Exercise description - Each line from the one containing "Аренда офисных помещений" through the final line below must be reproduced exactly, and no others.

Exercise material -
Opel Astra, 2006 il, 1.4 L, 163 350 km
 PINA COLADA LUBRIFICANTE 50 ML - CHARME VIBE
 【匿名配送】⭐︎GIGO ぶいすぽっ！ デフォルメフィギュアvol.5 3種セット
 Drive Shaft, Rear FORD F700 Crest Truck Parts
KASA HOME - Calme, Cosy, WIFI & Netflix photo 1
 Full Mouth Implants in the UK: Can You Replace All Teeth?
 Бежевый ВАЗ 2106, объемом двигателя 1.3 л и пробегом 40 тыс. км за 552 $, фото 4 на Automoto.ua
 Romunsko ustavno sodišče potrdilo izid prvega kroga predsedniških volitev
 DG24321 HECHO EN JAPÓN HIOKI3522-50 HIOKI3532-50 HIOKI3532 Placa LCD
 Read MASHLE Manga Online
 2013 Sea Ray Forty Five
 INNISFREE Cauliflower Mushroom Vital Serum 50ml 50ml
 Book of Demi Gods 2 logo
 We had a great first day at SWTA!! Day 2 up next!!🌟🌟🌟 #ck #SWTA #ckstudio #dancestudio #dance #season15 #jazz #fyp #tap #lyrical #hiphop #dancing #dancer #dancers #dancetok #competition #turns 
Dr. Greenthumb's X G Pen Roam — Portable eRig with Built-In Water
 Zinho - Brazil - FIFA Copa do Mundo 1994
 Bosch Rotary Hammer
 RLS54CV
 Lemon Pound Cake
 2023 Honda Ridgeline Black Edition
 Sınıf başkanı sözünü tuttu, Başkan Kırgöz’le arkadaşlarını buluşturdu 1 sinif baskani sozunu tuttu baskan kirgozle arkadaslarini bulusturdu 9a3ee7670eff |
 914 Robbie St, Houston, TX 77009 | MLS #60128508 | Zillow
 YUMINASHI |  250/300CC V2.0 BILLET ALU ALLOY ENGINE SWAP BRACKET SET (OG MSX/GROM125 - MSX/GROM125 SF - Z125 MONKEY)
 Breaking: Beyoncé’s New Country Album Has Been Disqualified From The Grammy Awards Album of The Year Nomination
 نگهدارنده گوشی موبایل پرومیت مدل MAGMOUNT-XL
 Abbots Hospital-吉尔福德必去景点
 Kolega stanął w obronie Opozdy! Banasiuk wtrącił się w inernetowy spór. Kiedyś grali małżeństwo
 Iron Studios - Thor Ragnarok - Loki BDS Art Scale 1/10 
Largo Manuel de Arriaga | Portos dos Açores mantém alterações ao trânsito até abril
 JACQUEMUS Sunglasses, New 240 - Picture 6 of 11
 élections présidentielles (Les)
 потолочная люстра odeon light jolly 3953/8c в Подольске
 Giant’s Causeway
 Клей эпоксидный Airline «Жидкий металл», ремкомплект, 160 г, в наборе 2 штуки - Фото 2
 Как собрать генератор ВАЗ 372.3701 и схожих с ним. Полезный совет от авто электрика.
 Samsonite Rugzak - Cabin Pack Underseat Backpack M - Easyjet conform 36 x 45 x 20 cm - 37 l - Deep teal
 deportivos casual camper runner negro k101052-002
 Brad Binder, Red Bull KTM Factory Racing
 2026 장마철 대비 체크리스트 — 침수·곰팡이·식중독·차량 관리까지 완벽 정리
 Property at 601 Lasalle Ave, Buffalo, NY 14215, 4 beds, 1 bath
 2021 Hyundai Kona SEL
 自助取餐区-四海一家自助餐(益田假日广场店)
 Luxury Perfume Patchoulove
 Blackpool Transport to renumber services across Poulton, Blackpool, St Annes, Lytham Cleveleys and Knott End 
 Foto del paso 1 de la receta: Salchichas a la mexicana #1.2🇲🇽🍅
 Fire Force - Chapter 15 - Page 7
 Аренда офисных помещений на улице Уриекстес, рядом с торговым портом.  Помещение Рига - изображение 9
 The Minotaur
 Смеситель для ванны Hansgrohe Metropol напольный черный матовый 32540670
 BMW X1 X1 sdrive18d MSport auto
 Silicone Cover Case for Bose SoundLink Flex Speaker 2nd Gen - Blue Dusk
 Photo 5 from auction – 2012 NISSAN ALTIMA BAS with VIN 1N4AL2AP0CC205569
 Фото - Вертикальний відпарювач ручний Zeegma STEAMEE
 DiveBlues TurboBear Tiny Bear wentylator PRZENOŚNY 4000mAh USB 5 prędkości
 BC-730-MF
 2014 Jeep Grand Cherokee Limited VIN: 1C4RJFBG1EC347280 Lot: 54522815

Exercise result -
 Аренда офисных помещений на улице Уриекстес, рядом с торговым портом.  Помещение Рига - изображение 9
 The Minotaur
 Смеситель для ванны Hansgrohe Metropol напольный черный матовый 32540670
 BMW X1 X1 sdrive18d MSport auto
 Silicone Cover Case for Bose SoundLink Flex Speaker 2nd Gen - Blue Dusk
 Photo 5 from auction – 2012 NISSAN ALTIMA BAS with VIN 1N4AL2AP0CC205569
 Фото - Вертикальний відпарювач ручний Zeegma STEAMEE
 DiveBlues TurboBear Tiny Bear wentylator PRZENOŚNY 4000mAh USB 5 prędkości
 BC-730-MF
 2014 Jeep Grand Cherokee Limited VIN: 1C4RJFBG1EC347280 Lot: 54522815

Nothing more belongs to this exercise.